Justement pour ça, pour leur faire passer un message de tolérance, d’ouverture d’esprit, de désir d’ailleurs. Mes jeunes lecteurs lèvent les yeux vers le ciel étoilé après avoir lu mes space-opera, en particulier Les Abîmes d’Autremer qui les emmènent jusqu’à la galaxie d’Andromède. Quand ils regardent à nouveau à leurs pieds, ils marchent sur des petits nuages… comme l’héroïne de Chaleur fatale !

Votre passion pour la SF vous a-t-elle menée à vous intéresser plus directement aux sciences et à la culture scientifique ?

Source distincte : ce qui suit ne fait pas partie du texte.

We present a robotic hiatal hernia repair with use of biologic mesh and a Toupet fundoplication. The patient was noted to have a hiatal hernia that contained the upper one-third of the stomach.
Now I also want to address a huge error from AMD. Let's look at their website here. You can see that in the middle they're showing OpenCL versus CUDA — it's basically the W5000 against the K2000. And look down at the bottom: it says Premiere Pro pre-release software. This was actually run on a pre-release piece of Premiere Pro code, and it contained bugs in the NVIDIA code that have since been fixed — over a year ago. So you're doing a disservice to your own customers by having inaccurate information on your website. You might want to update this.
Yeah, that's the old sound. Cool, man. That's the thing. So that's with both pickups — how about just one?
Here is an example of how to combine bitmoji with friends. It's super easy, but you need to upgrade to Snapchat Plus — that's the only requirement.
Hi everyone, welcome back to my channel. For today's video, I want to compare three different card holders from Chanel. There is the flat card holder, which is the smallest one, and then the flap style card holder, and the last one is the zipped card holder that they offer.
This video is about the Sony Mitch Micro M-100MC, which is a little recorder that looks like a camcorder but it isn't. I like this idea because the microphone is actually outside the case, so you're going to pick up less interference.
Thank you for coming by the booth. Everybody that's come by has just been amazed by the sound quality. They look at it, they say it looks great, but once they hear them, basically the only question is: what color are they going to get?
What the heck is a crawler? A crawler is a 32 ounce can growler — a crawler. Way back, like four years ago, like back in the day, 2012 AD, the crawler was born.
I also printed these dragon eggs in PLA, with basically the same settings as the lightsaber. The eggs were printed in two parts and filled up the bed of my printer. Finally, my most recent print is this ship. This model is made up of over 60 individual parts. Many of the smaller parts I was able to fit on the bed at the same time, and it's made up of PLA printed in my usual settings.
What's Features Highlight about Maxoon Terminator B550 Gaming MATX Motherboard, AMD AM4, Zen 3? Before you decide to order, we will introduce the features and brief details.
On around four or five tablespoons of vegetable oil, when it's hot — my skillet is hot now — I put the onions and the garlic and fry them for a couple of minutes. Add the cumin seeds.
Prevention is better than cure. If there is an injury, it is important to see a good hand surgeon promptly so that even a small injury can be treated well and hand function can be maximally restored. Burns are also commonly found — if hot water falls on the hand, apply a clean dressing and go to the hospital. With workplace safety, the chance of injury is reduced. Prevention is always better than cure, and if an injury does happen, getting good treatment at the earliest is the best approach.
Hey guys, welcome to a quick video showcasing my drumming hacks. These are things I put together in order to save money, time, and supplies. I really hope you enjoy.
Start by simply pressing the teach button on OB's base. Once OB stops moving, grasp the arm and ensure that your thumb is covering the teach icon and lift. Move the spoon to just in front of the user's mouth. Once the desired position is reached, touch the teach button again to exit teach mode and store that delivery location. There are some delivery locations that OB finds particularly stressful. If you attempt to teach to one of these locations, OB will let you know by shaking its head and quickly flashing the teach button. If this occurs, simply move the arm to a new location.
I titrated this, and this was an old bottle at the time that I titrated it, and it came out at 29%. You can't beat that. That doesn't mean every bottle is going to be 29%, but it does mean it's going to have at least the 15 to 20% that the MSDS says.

Je ne suis pas scientifique, je ne le serai jamais, c’est trop tard. Je suis seulement curieuse et persuadée depuis mon plus jeune âge, car j’ai commencé à lire de la SF à onze ans, que cette littérature utilise les extraterrestres pour parler de l’humain et le futur pour parler du présent. Côté science, mis à part reconnaitre les constellations et localiser quelques étoiles, je suis nulle.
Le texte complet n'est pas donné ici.